Thread: pg_dump, pg_restore and UTF8: invalid byte sequence

pg_dump, pg_restore and UTF8: invalid byte sequence

From
Date:
hi list
 
while trying to get pgsql 8.2b1 running, i'm already thumbling at the first steps...
source pgslq is 8.1.5 (win32, utf8) on localhost:5432, target is 8.2b1 (win32, utf8) on localhost:5433
 
 
to get the data from one instance to the other, i'm trying to use pg_dump & pg_restore:
 
C:\pgsql8.2beta1\bin\pg_dump.exe -Fc -Z 5 -U postgres -p 5432 -f d:\mydb.backup mydb
C:\pgsql8.2beta1\bin\pg_restore -d mydb -p 5433 -U postgres d:\mydb.backup
 
first of all, pg_restore does not seem to like if the destination database does not yet exist.
if you omit "-d mydb", pg_restore just dumps the mydb.backup content to the command line instead of restoring the data.
the parameter "-C" doesn't do its job either. the only way around this seems to manually create the target table before running pg_restore, despite CREATE DATABASE... is present in the mydb.backup. shouldn't pg_restore be able to create the db for me, with the exact same settings as in the dump?
 
when creating the db manually beforehand, i'm getting over 130 errors (mostly due to TSearch2 & co functions already present). the manual suggests to create the db from template0, but doing so will break restoration of tsearch2 (missing function errors appear) objects.
 
 
the other, more severe problem is not all UTF8-data being properly encoded/decoded. during the restore i'm getting this error:
 
pg_restore: [archiver (db)] Error from TOC entry 3430; 0 4131599 TABLE DATA posts postgres
pg_restore: [archiver (db)] COPY failed: ERROR:  invalid byte sequence for encoding "UTF8": 0xe3b66e
HINT:  This error can also happen if the byte sequence does not match the encoding expected by the server, which is controlled by "client_encoding".
CONTEXT:  COPY posts, line 1
 
as a result, the entire table is empty! shouldn't pg_dump encode the utf8 bytesequences?
 
 
also, regarding pg_restore, its quite troubling it has the same parameter-set as pg_dump. even if its probably the same tool in the background, shouldn't pg_restore hide the parameters that are just for dumping data and only showing the ones relevant for data restoring?
 
thanks,
thomas

Re: pg_dump, pg_restore and UTF8: invalid byte sequence

From
Date:
> shouldn't pg_dump encode the utf8 bytesequences?

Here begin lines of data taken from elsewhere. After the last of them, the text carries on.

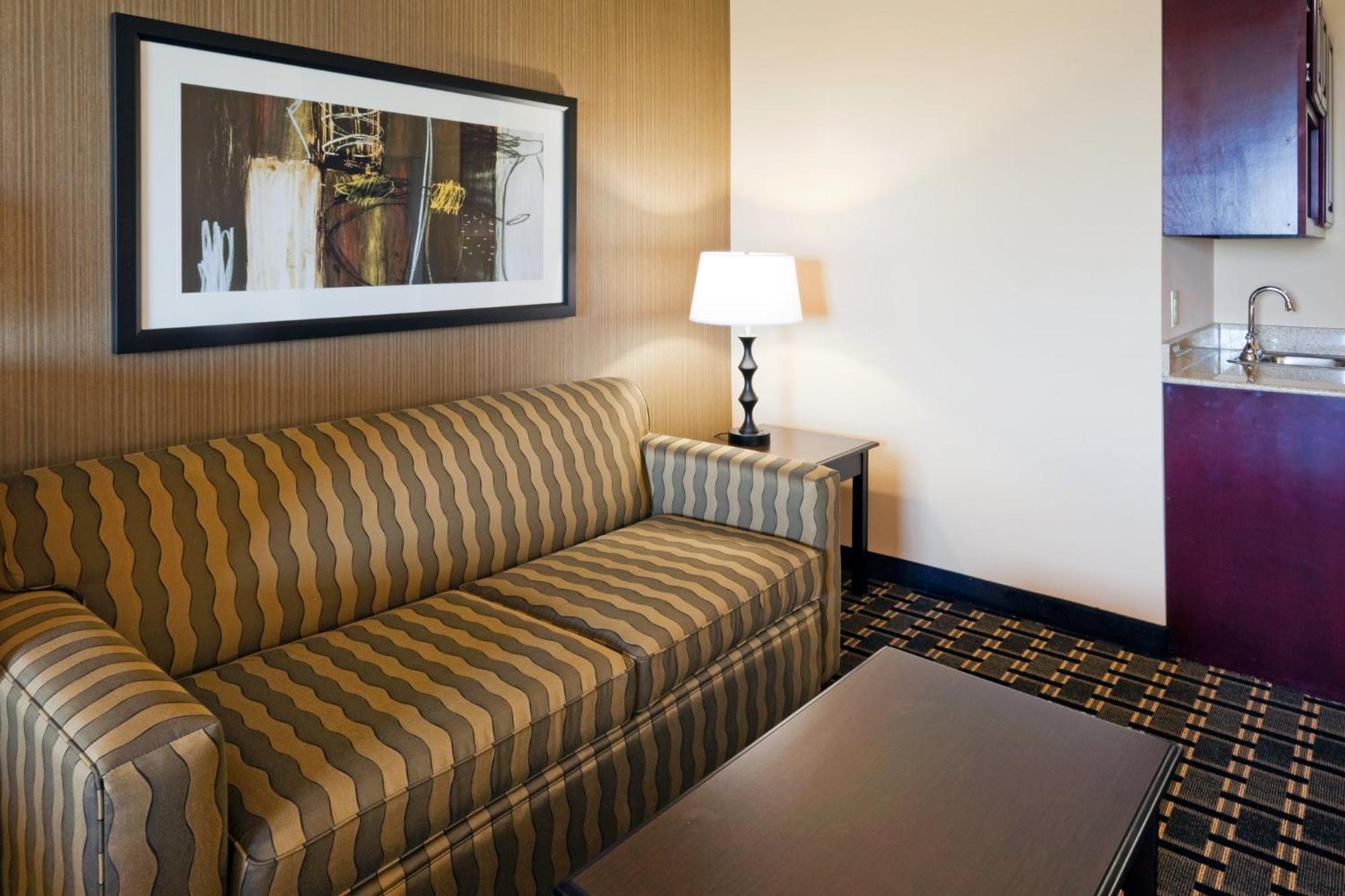 Holiday Inn Express Hotel & Suites Ennis, An Ihg Hotel Exterior foto
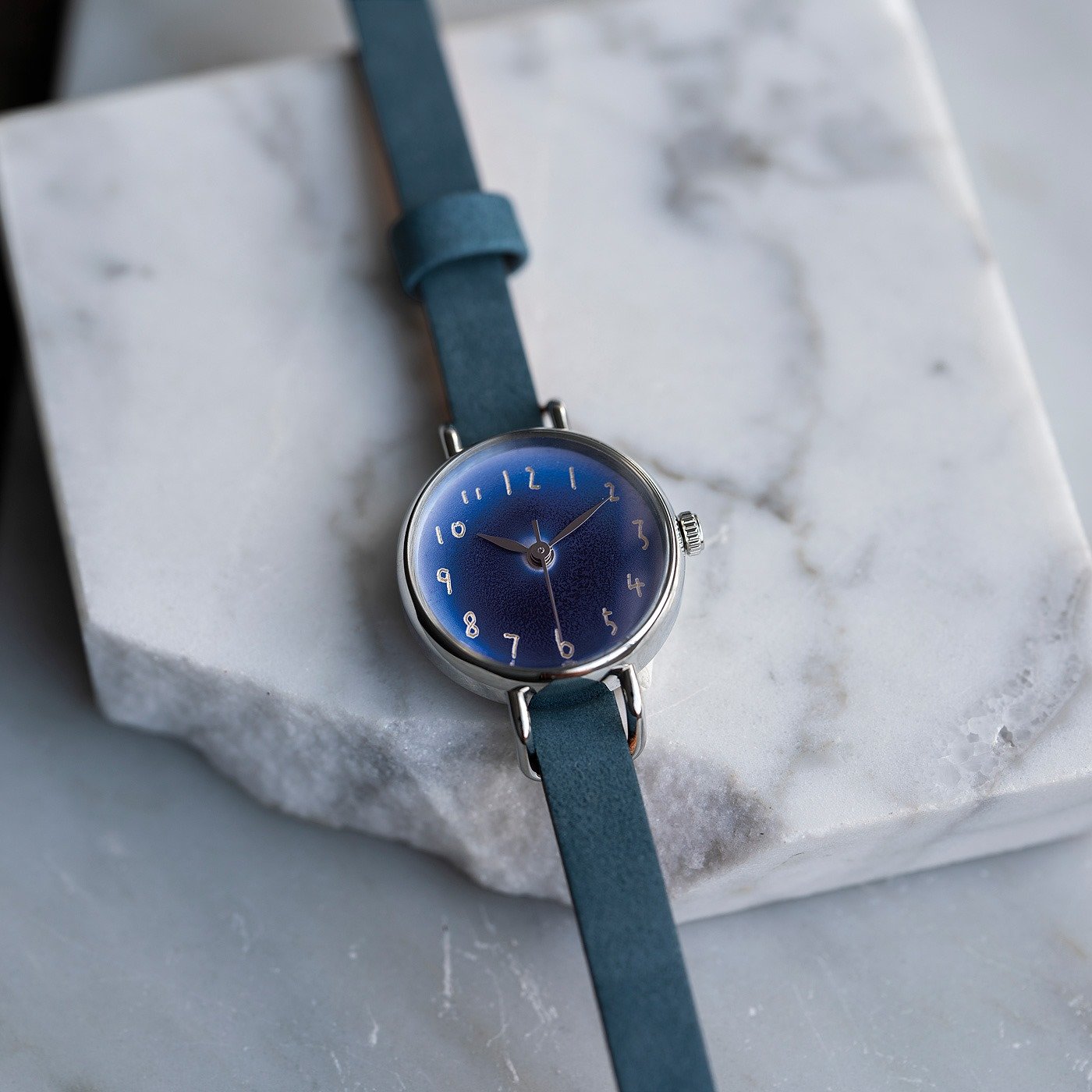 金沢の時計職人が手掛けた　マジックアワーの空に見惚れる腕時計〈ブルーグレー〉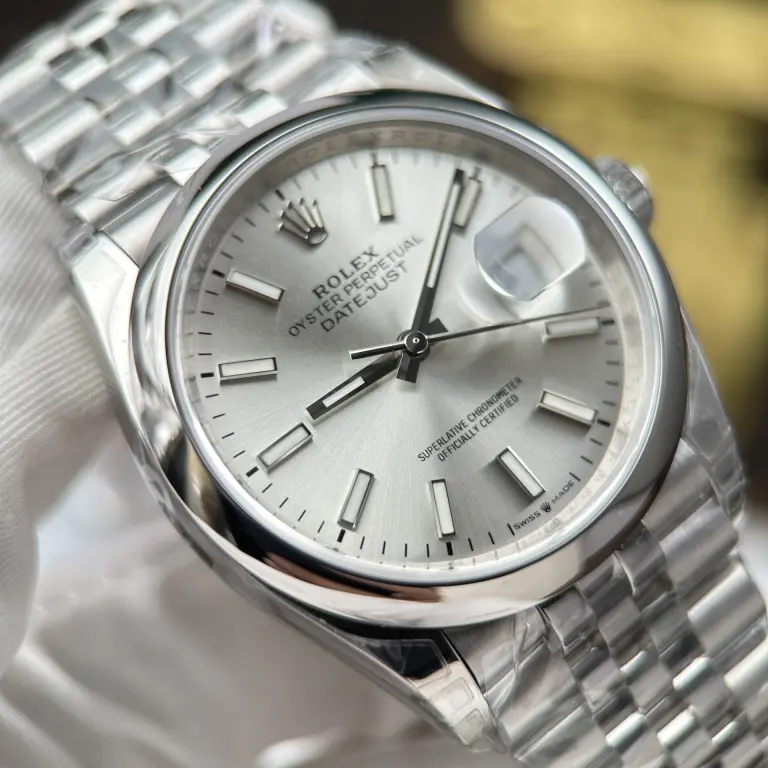 Dong-Ho-Rolex-DateJust-126200-Replica-11-Mat-Bac-Day-Deo-Jubilee-Nha-May-VS-36mm-10-768x768.jpg Rolex DateJust 126200 Silver Dial Jubilee Strap VS Factory 36mm - Image 5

at least i found out why the invalid unicode sequences appear in the first
place: tsearch2 in 8.1 doesn't properly handle utf8 characters: the
character's 2-byte representation is converted to lowercase byte for byte.
for example: "ä" which is encoded as "ä" is written to the db by tsearch2
as "ã¤" which is an invalid utf8 byte sequence.

striping the ts2 index columb before dumping fixes the encoding problems. i
guess the 8.2 -> 8.1.5 backport should fix it as well, i'll try asap.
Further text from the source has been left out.